§ TASK GOAL: For this exercise, write out exactly the lines from the line containing "2 Escorredores de" through the last line of the records, and no other lines.

§ RECORDS:
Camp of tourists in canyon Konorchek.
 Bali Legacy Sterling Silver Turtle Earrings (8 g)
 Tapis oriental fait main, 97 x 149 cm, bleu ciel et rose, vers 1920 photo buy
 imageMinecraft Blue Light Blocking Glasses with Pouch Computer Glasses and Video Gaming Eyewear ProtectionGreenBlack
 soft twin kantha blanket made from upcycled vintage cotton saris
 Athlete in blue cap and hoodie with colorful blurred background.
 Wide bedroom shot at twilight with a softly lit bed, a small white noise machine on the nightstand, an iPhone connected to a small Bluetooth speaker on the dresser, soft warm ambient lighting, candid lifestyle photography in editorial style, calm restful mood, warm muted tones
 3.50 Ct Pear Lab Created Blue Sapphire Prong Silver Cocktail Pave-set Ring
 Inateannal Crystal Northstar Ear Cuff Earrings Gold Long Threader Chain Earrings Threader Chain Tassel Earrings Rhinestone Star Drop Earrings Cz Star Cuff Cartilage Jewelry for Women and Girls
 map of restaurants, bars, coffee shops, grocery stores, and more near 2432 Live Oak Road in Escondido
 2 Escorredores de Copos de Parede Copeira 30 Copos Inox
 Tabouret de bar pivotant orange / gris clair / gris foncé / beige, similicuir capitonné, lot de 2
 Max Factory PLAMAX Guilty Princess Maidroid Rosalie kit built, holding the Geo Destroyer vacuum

§ EXPECTED OUTPUT:
 2 Escorredores de Copos de Parede Copeira 30 Copos Inox
 Tabouret de bar pivotant orange / gris clair / gris foncé / beige, similicuir capitonné, lot de 2
 Max Factory PLAMAX Guilty Princess Maidroid Rosalie kit built, holding the Geo Destroyer vacuum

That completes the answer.